**REQUIRED ACTION**
Print nothing except the lines of the listing below from the line with "From spatulas to" to the line with "Hi there, my", each exactly as written, both ends included.

**INFORMATION GIVEN**

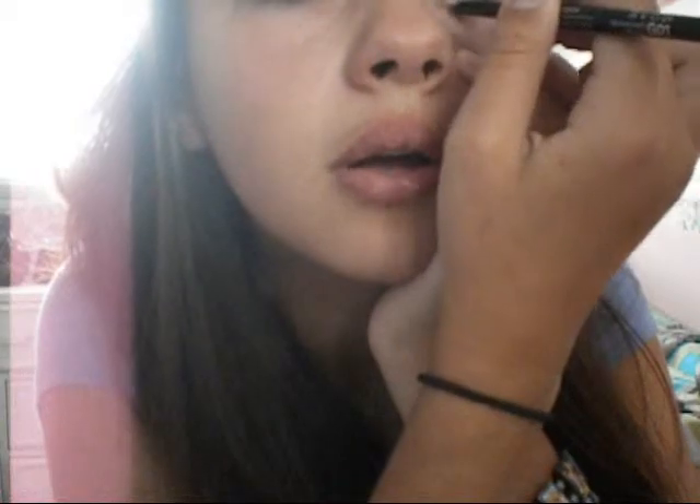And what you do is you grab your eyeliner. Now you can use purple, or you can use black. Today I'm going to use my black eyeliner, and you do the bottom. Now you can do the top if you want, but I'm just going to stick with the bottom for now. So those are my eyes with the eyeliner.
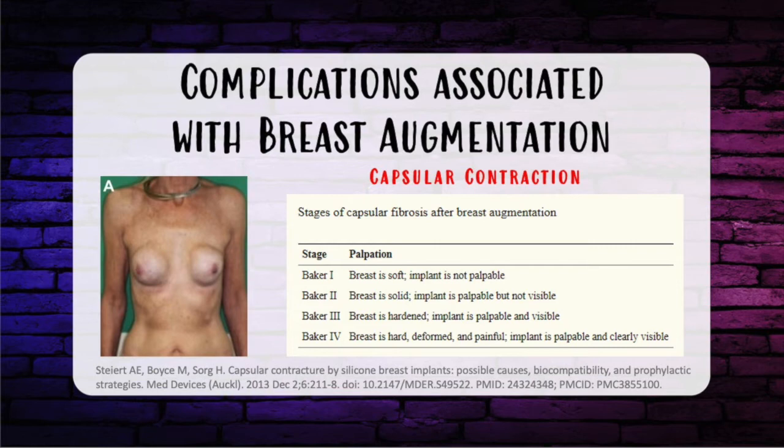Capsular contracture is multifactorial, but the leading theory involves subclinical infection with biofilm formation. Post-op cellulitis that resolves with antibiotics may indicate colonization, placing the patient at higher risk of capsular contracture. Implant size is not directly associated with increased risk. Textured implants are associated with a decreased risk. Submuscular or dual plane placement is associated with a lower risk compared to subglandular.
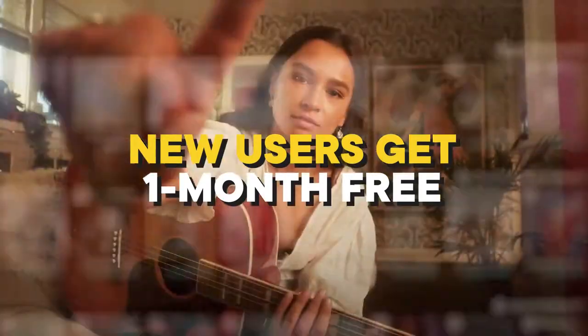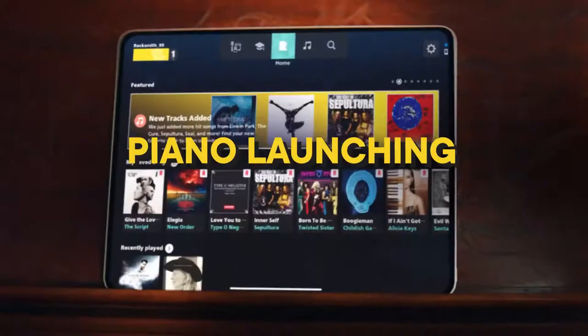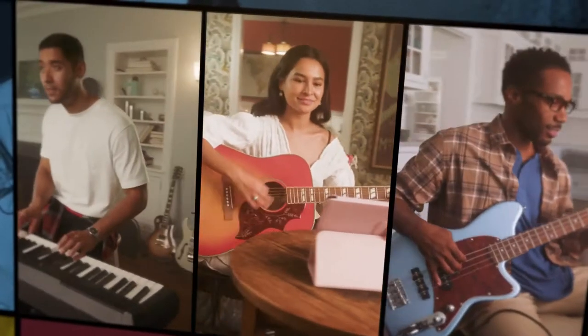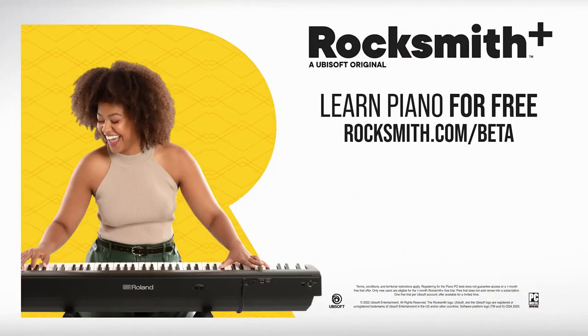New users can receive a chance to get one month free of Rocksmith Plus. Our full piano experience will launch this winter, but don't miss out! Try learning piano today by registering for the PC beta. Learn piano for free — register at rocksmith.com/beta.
* * *
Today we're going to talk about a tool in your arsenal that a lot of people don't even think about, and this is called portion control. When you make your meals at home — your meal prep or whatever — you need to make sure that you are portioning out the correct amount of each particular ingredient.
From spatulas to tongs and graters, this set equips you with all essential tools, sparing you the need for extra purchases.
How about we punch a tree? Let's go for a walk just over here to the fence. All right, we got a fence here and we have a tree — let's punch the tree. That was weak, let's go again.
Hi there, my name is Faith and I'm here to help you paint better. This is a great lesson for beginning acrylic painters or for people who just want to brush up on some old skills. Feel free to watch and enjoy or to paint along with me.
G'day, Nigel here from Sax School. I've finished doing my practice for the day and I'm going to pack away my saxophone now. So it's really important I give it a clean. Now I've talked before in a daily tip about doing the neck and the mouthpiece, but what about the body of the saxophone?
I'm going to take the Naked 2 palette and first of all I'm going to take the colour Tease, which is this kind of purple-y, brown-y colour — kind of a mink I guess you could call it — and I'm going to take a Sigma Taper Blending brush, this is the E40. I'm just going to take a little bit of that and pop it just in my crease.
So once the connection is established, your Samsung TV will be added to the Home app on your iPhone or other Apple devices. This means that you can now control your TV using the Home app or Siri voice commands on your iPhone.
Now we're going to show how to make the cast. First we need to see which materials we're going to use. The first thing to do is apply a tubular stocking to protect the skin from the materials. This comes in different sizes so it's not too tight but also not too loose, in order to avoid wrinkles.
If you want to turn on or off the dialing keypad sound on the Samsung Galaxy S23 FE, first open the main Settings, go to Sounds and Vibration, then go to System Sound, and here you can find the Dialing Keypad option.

**RESULT OF THIS EXERCISE**
From spatulas to tongs and graters, this set equips you with all essential tools, sparing you the need for extra purchases.
How about we punch a tree? Let's go for a walk just over here to the fence. All right, we got a fence here and we have a tree — let's punch the tree. That was weak, let's go again.
Hi there, my name is Faith and I'm here to help you paint better. This is a great lesson for beginning acrylic painters or for people who just want to brush up on some old skills. Feel free to watch and enjoy or to paint along with me.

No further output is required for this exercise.